*PROBLEM TO SOLVE*. Below are some records. Quote exactly the lines from the one that contains "kit for woodburning" through the last, both included, and leave out the pictures.

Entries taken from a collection
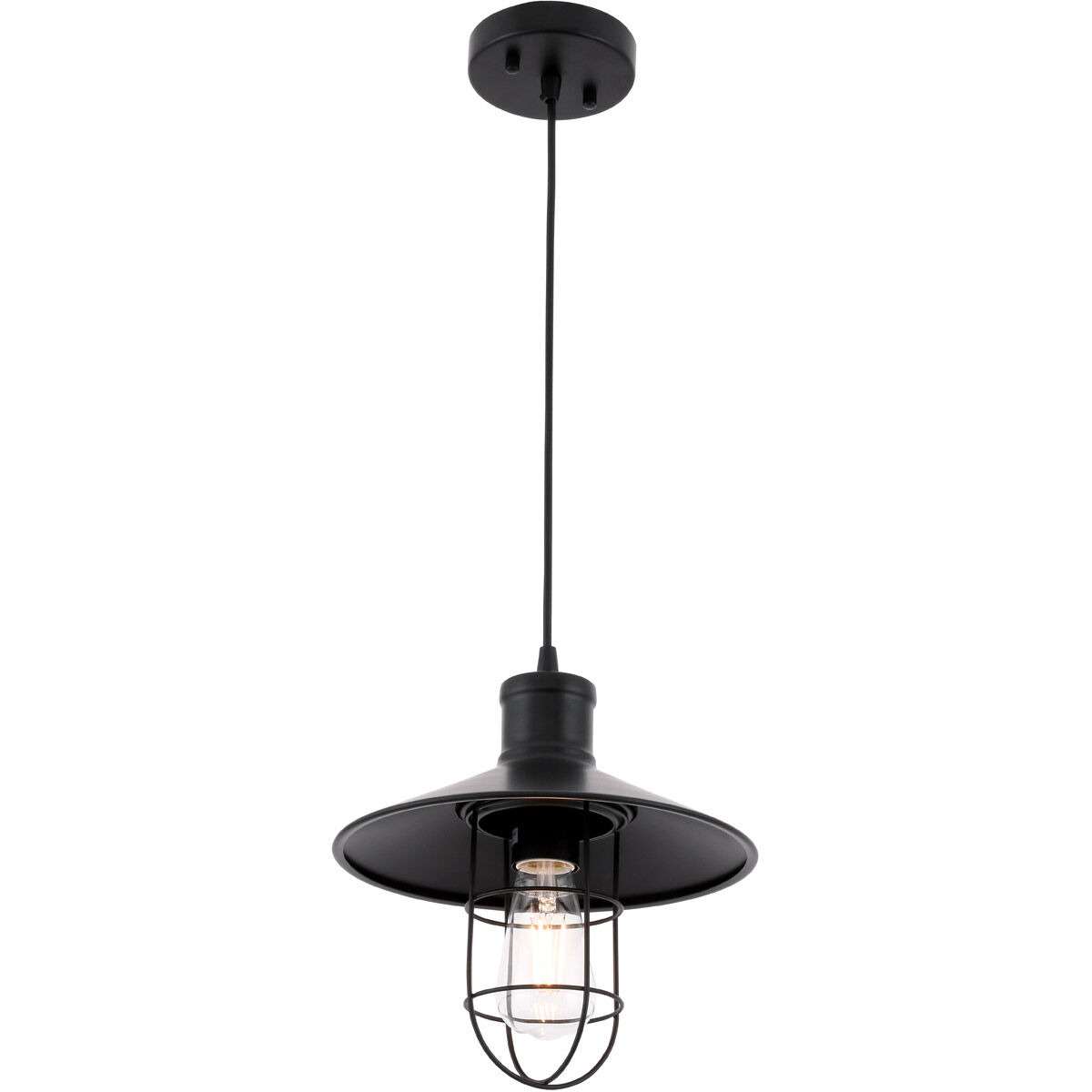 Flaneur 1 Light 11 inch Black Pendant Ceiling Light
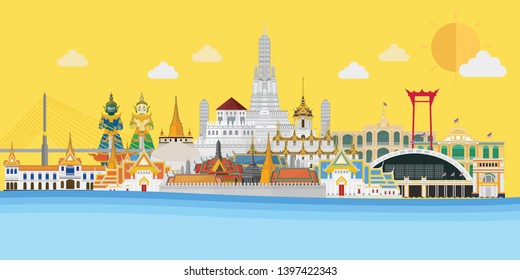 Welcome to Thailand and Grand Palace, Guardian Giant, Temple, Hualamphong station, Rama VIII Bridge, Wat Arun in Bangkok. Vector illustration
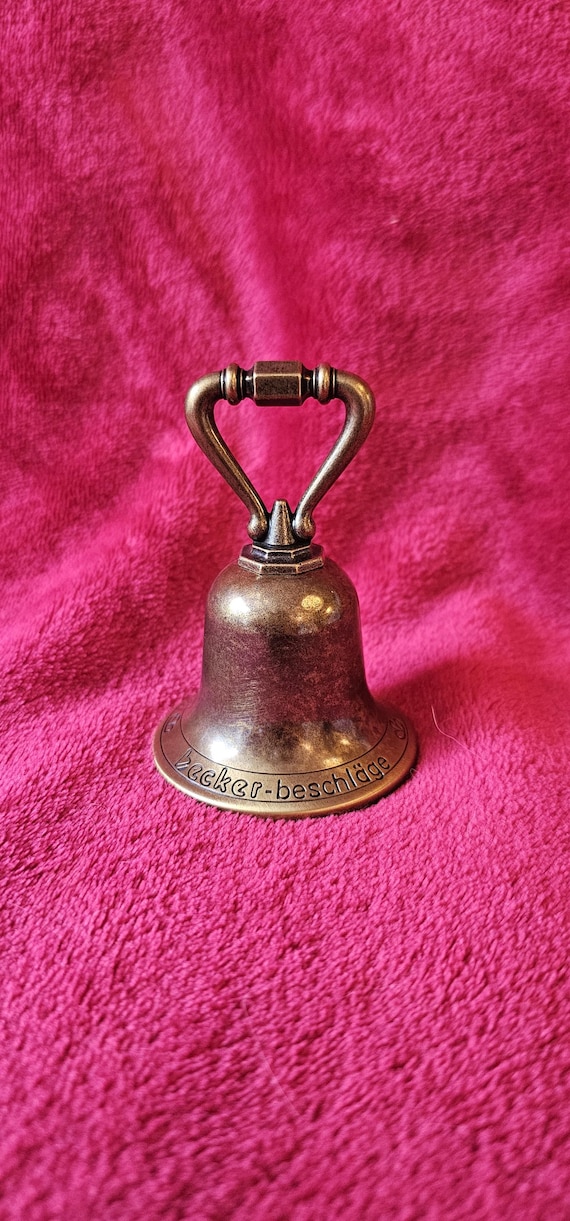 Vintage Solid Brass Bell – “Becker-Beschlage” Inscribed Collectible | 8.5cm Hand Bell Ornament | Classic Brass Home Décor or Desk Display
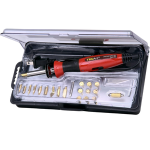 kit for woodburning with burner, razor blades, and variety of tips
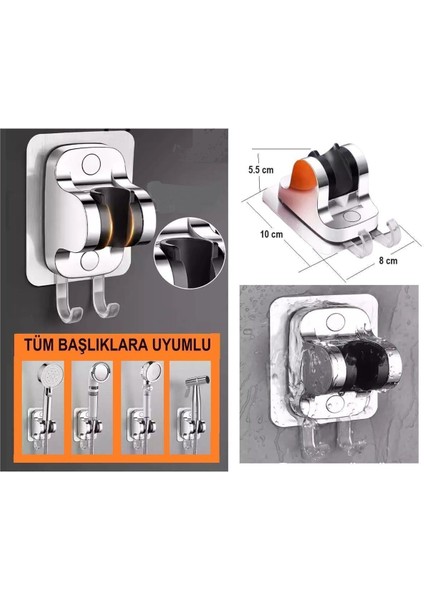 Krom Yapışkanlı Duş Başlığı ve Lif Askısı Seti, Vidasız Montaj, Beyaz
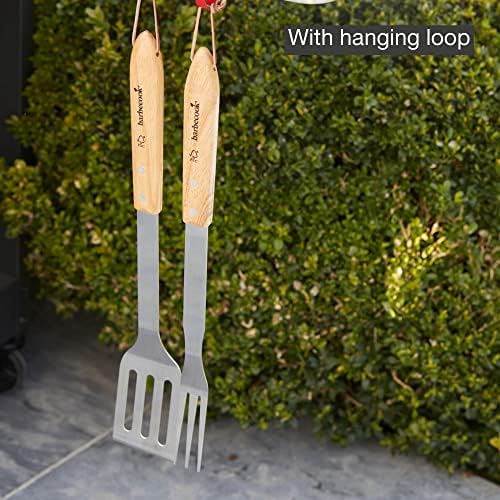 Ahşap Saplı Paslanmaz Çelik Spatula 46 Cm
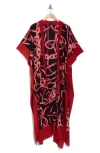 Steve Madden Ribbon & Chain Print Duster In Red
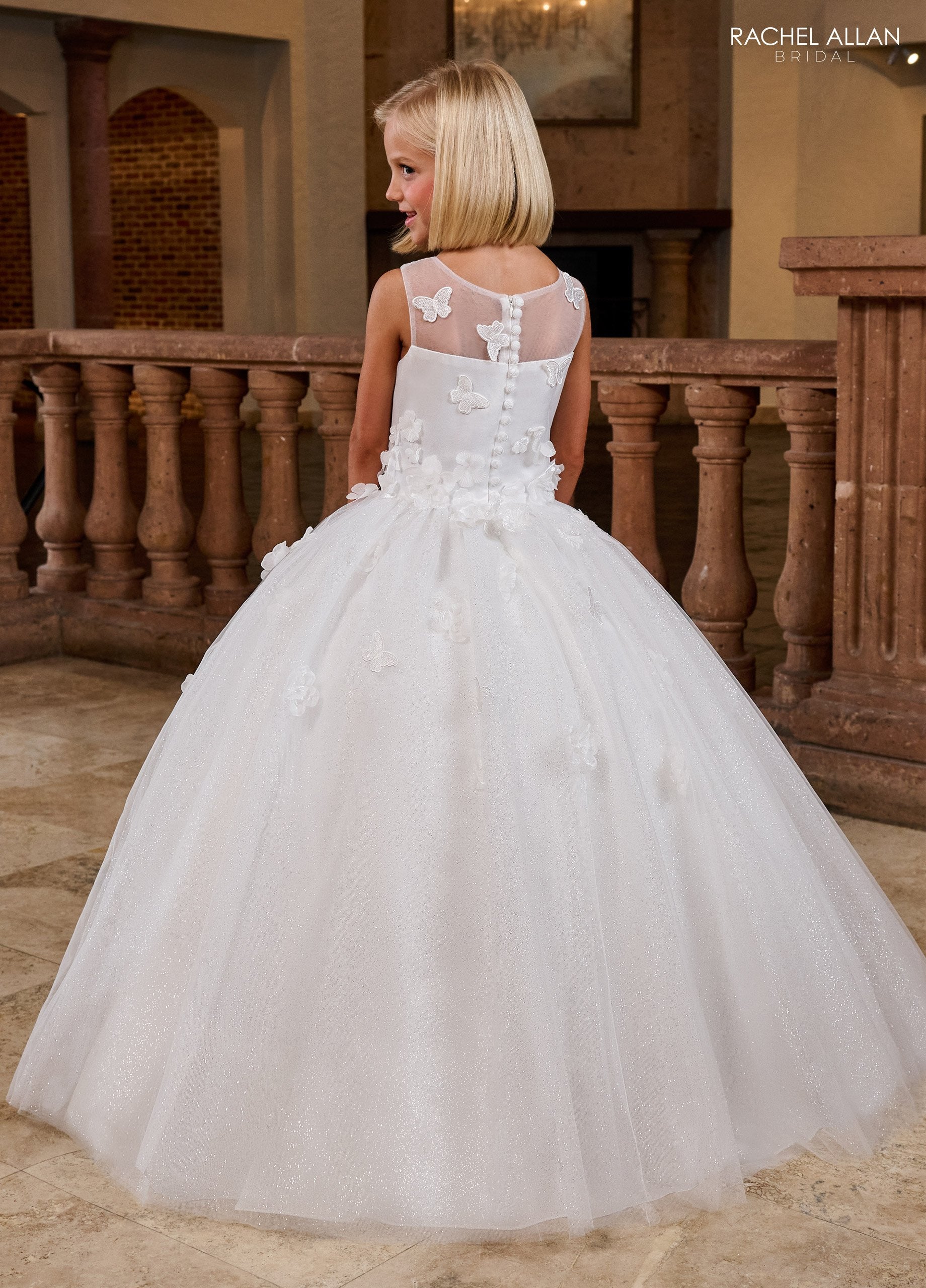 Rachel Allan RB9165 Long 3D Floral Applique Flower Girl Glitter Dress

*WRITTEN RESPONSE*.
 kit for woodburning with burner, razor blades, and variety of tips
 Krom Yapışkanlı Duş Başlığı ve Lif Askısı Seti, Vidasız Montaj, Beyaz
 Ahşap Saplı Paslanmaz Çelik Spatula 46 Cm
 Steve Madden Ribbon & Chain Print Duster In Red
 Rachel Allan RB9165 Long 3D Floral Applique Flower Girl Glitter Dress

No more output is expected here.